In 2015, “fascism” once again became the highest-octane political epithet in general use. Of course, the temptation to apply the fascism label is almost overwhelming when we confront language and behavior that superficially resembles that of Hitler and Mussolini. At the moment, it is being widely applied to cases as disparate as Donald Trump, the Tea Party, the National Front in France, and radical Islamist assassins. But, though the temptation to call such actors “fascist” is understandable,
it should be resisted.
...At its creation in the 1920s (first in Italy and then in Germany), fascism was a violent reaction against a perceived excess of individualism. Italy was scorned and Germany was defeated in World War I, Mussolini and Hitler claimed, because democracy and individualism had sapped them of national unity and will.
<snip historical events>
The fascists set themselves up (and acquired elite support) as the only effective barrier to the other political movement that surged following World War I: Communism. To international socialism
the fascists opposed [sic, offered] a national socialism, and while they crushed socialist parties and abolished independent labor unions, they
never for a moment questioned the state’s obligation to maintain social welfare (except for internal enemies such as Jews, of course).

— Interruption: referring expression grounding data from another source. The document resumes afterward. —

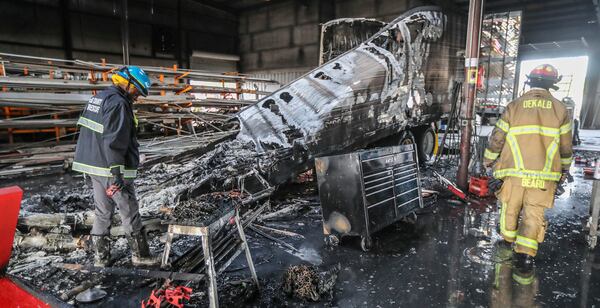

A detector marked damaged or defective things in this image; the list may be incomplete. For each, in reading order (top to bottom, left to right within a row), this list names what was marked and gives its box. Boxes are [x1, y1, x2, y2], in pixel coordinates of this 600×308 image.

burned truck [234, 6, 464, 185]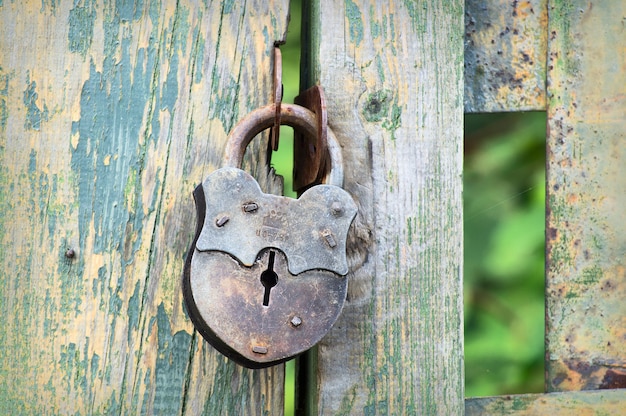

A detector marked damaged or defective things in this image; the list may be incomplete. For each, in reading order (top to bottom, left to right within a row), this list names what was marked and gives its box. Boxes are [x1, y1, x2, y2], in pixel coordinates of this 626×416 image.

peeling green paint [68, 0, 95, 55]
peeling green paint [344, 0, 364, 46]
rusty metal strip [464, 0, 544, 113]
rusty padlock [182, 103, 356, 368]
rusty metal strip [540, 0, 624, 392]
rusty metal strip [466, 388, 624, 414]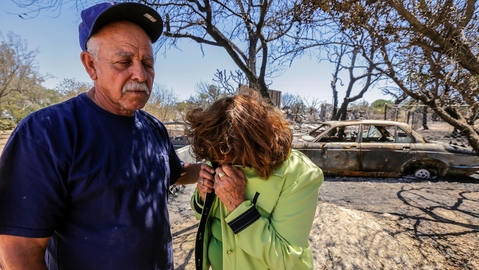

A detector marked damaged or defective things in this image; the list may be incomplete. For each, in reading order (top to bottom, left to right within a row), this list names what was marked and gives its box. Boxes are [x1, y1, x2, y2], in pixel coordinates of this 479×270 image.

burned car [292, 120, 479, 179]
charred vehicle [292, 120, 479, 179]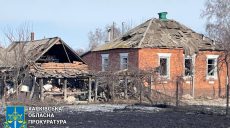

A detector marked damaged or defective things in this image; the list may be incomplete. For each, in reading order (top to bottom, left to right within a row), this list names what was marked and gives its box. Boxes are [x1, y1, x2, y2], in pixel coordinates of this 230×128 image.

damaged brick house [0, 35, 92, 102]
burned wooden structure [0, 36, 93, 102]
damaged brick house [82, 12, 226, 98]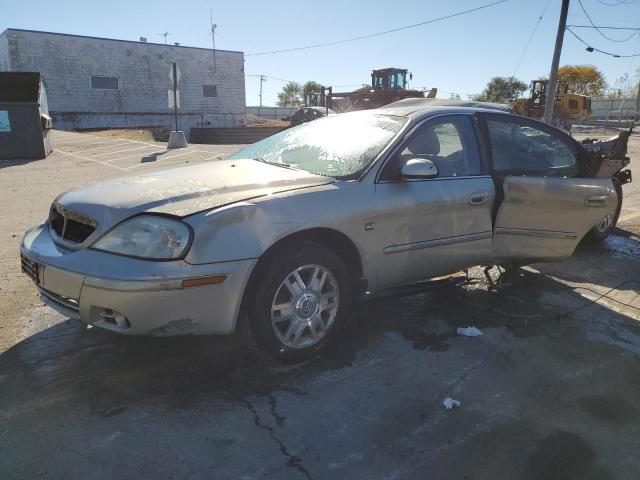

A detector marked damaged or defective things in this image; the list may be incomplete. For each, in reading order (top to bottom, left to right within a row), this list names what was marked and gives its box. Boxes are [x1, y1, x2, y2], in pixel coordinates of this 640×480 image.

shattered windshield [232, 112, 408, 178]
crumpled front bumper [22, 224, 258, 334]
damaged mercury sable [20, 101, 632, 360]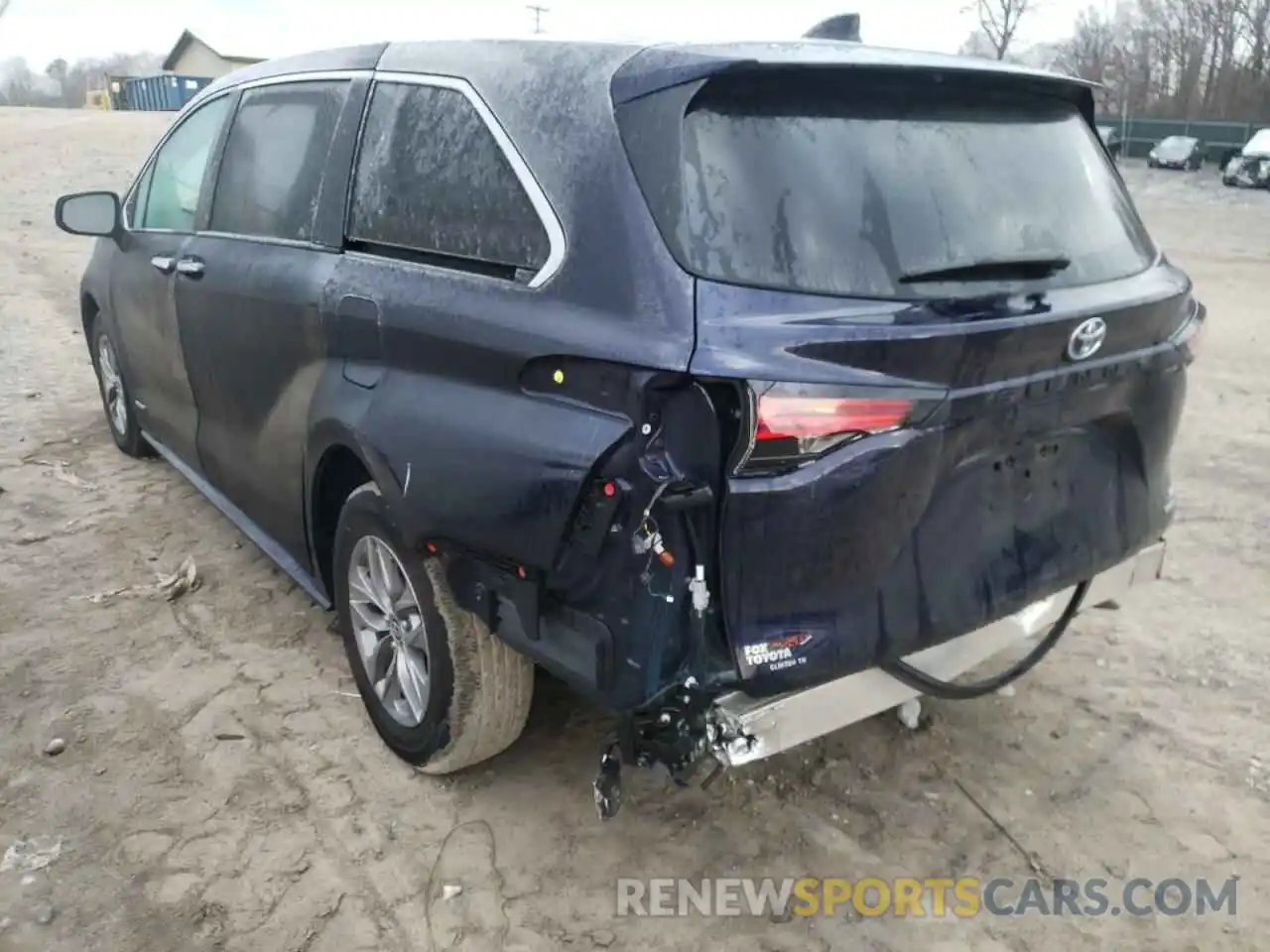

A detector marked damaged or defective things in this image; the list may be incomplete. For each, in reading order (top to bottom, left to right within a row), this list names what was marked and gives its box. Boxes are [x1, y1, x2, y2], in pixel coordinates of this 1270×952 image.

missing rear bumper [710, 540, 1163, 772]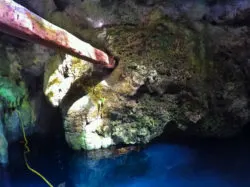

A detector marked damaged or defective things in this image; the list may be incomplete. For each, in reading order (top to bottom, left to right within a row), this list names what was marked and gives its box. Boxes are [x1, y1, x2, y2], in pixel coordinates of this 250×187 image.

rusty metal pipe [0, 0, 114, 68]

<snip The Islamic State is not fascist.>
The Tea Party is at the farthest remove from fascism’s state-enhancing nature. With its opposition to all forms of public authority and its furious rejection of any obligation to others, it is better called right-wing anarchism. It is individualism run amok, a denial of any community obligations, the very opposite of a fascist appeal to the supremacy of communal obligations over individual autonomy. [Such hyperbole but still.]
<snip The National Front and its founder, Jean-Marie Le Pen.>
Donald Trump is a special case altogether. Superficially, he seems to have borrowed a number of fascist themes for his presidential campaign: xenophobia, racial prejudice, fear of national weakness and decline, aggressiveness in foreign policy, a readiness to suspend the rule of law to deal with supposed emergencies. His hectoring tone, mastery of crowds, and the skill with which he uses the latest communications technologies also are reminiscent of Mussolini and Hitler.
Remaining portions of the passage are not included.